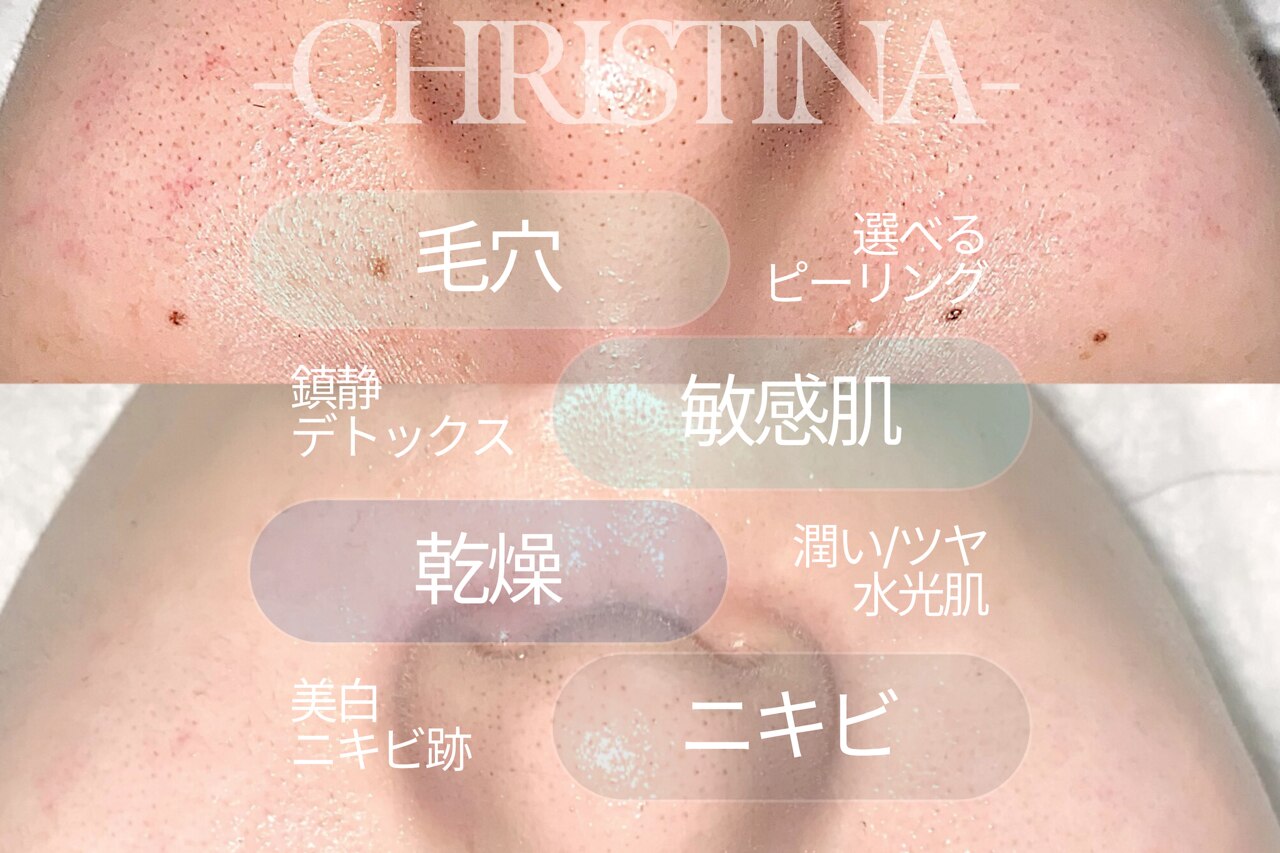 ラジオ波 キャビテーション 宇都宮に関するサロン 痩身/ハイパーナイフ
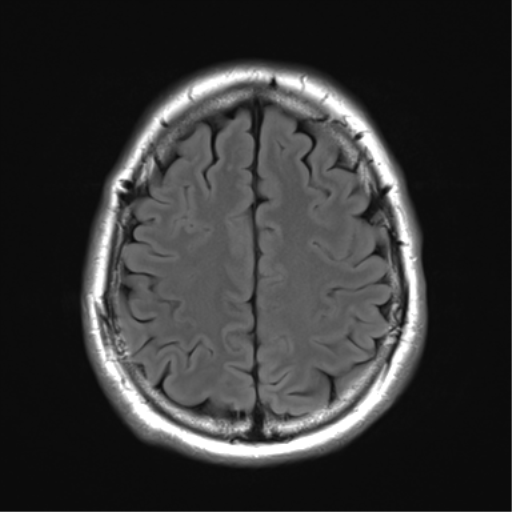 File:Acoustic schwannoma (Radiopaedia 50846-56358 Axial FLAIR 25).png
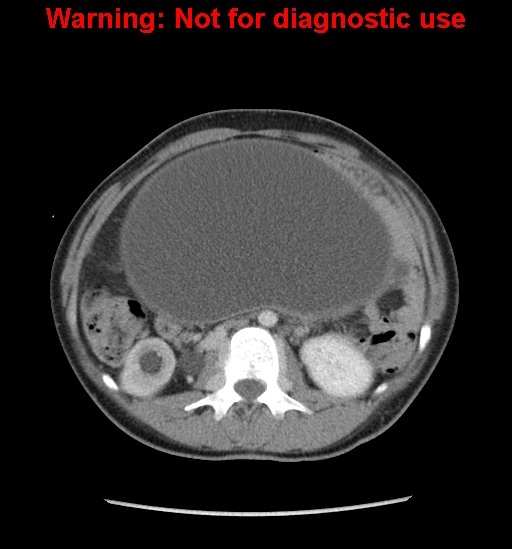 Borderline mucinous cystadenoma of ovary (Radiopaedia 25586-25767 A 17).jpg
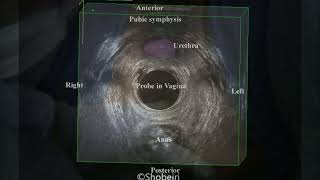 OnabotulinumtoxinA Injection of the Levator Ani Muscles under Ultrasound Guidance [upl. by Jeu]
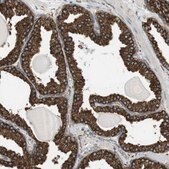 Anti-MBOAT2 antibody produced in rabbit Prestige Antibodies&#174; Powered by Atlas Antibodies, affinity isolated antibody, buffered aqueous glycerol solution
──────
* TO DO
Output all entries unchanged; skip the pictures.

* SOLUTION TO THIS EXERCISE
 ラジオ波 キャビテーション 宇都宮に関するサロン 痩身/ハイパーナイフ
 File:Acoustic schwannoma (Radiopaedia 50846-56358 Axial FLAIR 25).png
 Borderline mucinous cystadenoma of ovary (Radiopaedia 25586-25767 A 17).jpg
 OnabotulinumtoxinA Injection of the Levator Ani Muscles under Ultrasound Guidance [upl. by Jeu]
 Anti-MBOAT2 antibody produced in rabbit Prestige Antibodies&#174; Powered by Atlas Antibodies, affinity isolated antibody, buffered aqueous glycerol solution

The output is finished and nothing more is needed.